Although it’s quite common for insurance companies to misrepresent Plan and policy provisions, it’s becoming more common for claims handlers to cite provisions from Plans and policies saying one thing, and then alleging it means another. I find this downright insulting that insurance companies actually believe claimants and insureds are too stupid to know the difference.
The most outrageous allegation I read recently in a Unum letter is that “a claimant does NOT have a Unum LTD Plan because the two parties to the contract are the employer and Unum.” Whoa…what? This has got to be one of the more outrageous claims a Unum representative ever made! The fact that this statement was made by a Lead Specialist is even more disturbing.
While it is true that the two parties of a Unum ERISA Group Plan are the employer and Unum, it is also true that the claimant is referred to as the “Plan Participant”, “the Beneficiary”, or the “Certficate Holder.”
Today, many Plans are contributory requiring employees to pay all or a portion of the premium. The “Certificate” section of a Unum Plan also “delivers” the Plan to the claimant and says, “…if the terms and provisions of the certificate of coverage (issued to you) are different from the policy (issued to the policyholder), the policy will govern.” To allege “Certificate Holders” do not have LTD ownership is absurd.
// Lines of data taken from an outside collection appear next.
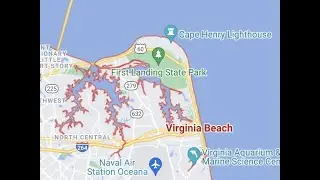 Virginia Metal Detecting  Beaches & Parks, more parks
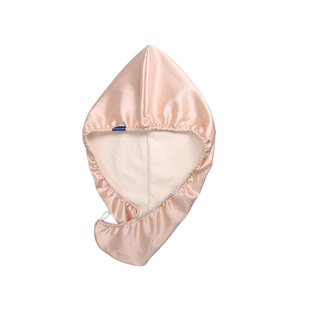 高端黑科技丝绸缎面干发帽女超强吸水速干浴帽2026新款包头干发巾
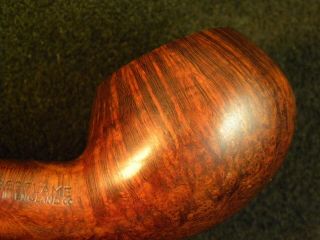 Dunhill - DR Two Flame Amber Flame Pipe - 2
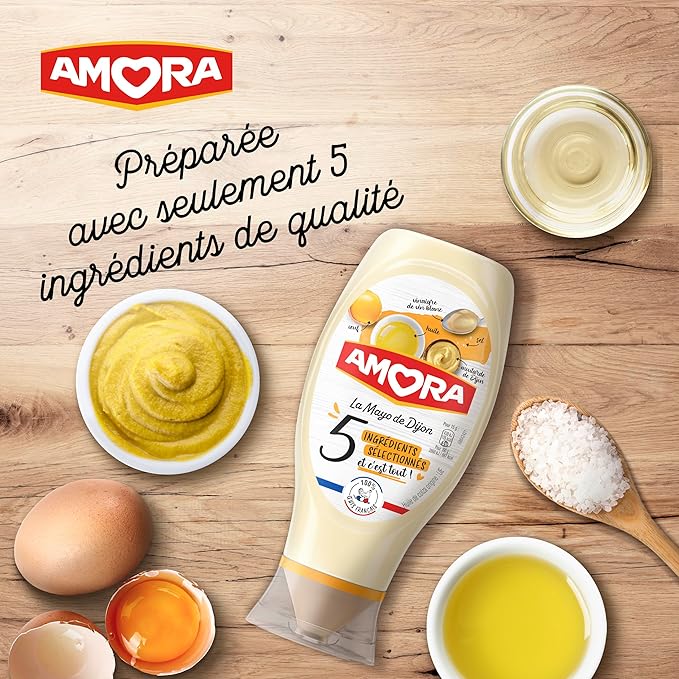 MAYO SPL400G 5 INGR.AMORA – Image 4
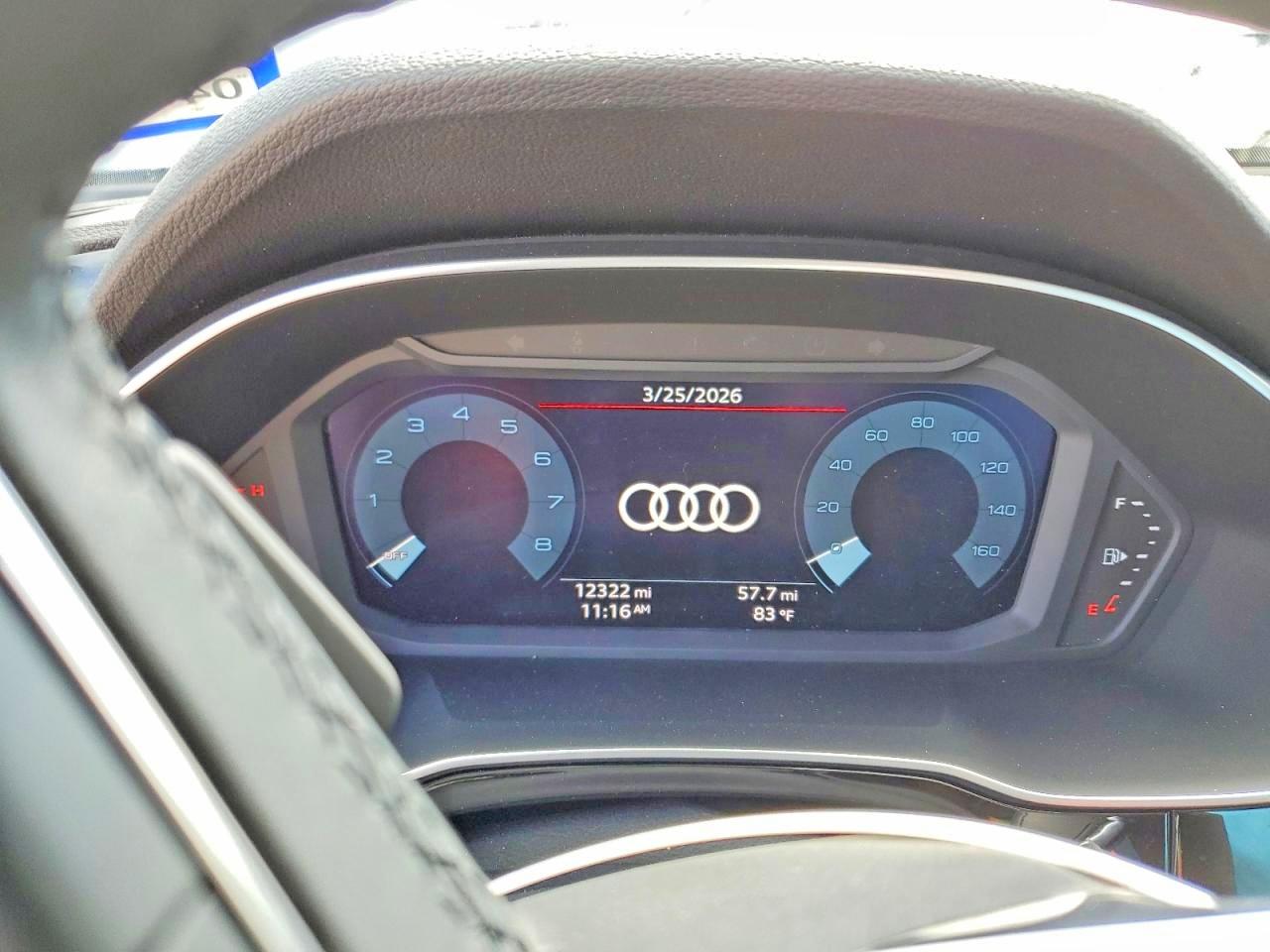 Audi Q3 Premium S Line 45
My point here is that while it is normal for insurance companies to distort and misrepresent policy and Plan language, Unum’s claims handlers are getting into ERISA issues that are way over their heads. For example, ERISA identifies Unum as a Plan Administrator and together with the employer are defined “co-fiduciaries”. In addition, most states have done away with “discretionary authority”, which also does not apply in most states.
Fiduciaries are expected to review claims in “good faith and fair dealing” and to decide “indeterminable issues in favor of claimants.” I guess Unum’s “Lead Specialist” just forgot about that part, or worse yet, didn’t know about it. There used to be a rule at Unum that claims handlers didn’t discuss ERISA or other contract issues with claimants/insureds since they aren’t trained in those areas.
More importantly, Unum’s legal counsel attempts to classify everything as subject to ERISA and they never wanted unknowledgeable claims handlers messing up chances to have state jurisdictions removed to ERISA federal jurisdiction. To allow claims handlers to provide ERISA and policy “adjudication” information that is essentially inaccurate is not responsible management or leadership.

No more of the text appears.